Mrs Ward denied in the witness box that she had ever been assaulted by her husband. She said the hitch on their caravan had fallen across her toes and that the cut over her eye occurred when she fell about after drinking heavily with her husband.

Det Sgt Mick O’Driscoll told the sentencing hearing the couple were both chronic alcoholics and they lived in primitive conditions in very small caravans for years with no electricity or running water on bog roads in the Tuam area.

He said the council had provided them with two houses in the past, but they always returned to the caravan after a few months.

He said that no matter how drunk Martin Ward had been over the years, he had always co-operated with gardaí and had been polite and respectful to them.

“We will have to put a uniform on his wife so and perhaps he will respect her as well,” Judge Raymond Groarke observed.

Sgt O’Driscoll said Kathleen Ward had made numerous complaints of assault against her husband to the Garda over the last 10 years, but on every occasion the prosecution case fell when she withdrew her complaints.

However, he said, there had been one successful prosecution when Martin Ward received a three-year sentence in the Circuit Court on March 1st, 2007, for assaulting his wife. The final two years and three months of that sentence had been suspended for five years at the time on condition he stay off drink and stay away from his wife.

Mrs Ward had come back to the court asking for that ban to be lifted in July 2007.

Judge Groarke told Ward the two assaults on his wife could only be described as “unmitigated acts of savagery”, and he would end up murdering somebody.

The judge observed the couple had a complicated and destructive type of dependency relationship due to their alcohol problems, and that was why Mrs Ward had withdrawn her complaints down the years. He noted Ward had “attacked and savaged” his wife while under court bond in relation to the previous conviction in 2007.

He then activated the two years and three-month portion of the sentence which had been suspended in 2007, before imposing two consecutive three-year sentences on Ward (totalling six years) for the two most recent assaults.
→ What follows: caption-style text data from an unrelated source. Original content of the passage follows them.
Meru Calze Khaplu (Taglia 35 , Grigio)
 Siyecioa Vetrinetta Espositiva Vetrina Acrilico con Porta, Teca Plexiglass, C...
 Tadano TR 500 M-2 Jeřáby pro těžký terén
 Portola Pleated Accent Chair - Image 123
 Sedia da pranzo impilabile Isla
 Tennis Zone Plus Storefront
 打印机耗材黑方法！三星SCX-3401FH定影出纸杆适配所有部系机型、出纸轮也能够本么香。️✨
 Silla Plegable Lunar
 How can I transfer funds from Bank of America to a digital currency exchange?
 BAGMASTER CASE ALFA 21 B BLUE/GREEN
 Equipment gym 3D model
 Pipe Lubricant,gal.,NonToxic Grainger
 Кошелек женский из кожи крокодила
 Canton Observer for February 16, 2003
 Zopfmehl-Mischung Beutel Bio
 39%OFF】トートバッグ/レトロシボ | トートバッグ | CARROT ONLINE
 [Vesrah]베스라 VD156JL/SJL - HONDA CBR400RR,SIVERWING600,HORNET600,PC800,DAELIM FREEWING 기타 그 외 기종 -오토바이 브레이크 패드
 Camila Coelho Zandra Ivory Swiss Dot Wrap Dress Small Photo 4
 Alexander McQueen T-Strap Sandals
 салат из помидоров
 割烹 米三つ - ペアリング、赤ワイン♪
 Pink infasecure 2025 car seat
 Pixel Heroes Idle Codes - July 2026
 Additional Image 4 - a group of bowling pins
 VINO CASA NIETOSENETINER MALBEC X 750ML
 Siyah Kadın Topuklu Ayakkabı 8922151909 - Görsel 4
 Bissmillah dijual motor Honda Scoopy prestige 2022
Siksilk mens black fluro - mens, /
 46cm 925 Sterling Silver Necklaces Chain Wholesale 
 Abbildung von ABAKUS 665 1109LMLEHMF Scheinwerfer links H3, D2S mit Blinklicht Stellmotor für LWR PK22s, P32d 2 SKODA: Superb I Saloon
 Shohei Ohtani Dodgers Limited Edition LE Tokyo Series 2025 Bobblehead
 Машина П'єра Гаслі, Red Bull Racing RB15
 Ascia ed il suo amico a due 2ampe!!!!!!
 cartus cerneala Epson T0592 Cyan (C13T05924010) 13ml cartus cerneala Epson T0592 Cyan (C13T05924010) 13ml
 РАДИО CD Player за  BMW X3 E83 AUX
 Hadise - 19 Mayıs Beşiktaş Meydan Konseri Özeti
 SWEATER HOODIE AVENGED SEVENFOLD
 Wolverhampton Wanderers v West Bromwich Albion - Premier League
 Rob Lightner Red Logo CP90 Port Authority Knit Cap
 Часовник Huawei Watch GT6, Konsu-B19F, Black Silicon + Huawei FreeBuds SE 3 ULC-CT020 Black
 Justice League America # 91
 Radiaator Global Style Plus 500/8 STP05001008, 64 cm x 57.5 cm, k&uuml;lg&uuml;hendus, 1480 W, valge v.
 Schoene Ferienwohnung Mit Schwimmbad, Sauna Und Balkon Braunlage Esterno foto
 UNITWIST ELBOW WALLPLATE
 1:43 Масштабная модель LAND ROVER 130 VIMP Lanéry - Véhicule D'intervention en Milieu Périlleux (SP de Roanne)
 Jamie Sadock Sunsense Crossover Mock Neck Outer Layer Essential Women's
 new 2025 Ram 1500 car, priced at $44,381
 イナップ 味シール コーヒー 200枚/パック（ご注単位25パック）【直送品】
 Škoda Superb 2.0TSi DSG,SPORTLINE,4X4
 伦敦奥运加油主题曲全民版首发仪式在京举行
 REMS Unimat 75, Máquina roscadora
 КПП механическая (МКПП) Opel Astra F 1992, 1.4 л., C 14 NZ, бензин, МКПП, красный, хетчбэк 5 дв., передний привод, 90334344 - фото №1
Judge Groarke said Ward was now facing eight years and three months in jail. “And that is the place for him, because he is a menace and he is going to do far more harm than he has done to date,” he said.

He then suspended the final three years and three months of the sentence on condition Ward keep the peace and not reoffend for four years, abstain from alcohol, and come under the supervision of the probation service for 18 months on his release from prison.

The judge banned Ward from going near his wife on his release unless she came back to court and asked for that ban to be lifted.

He also banned him from setting foot in Tuam for five years after his release.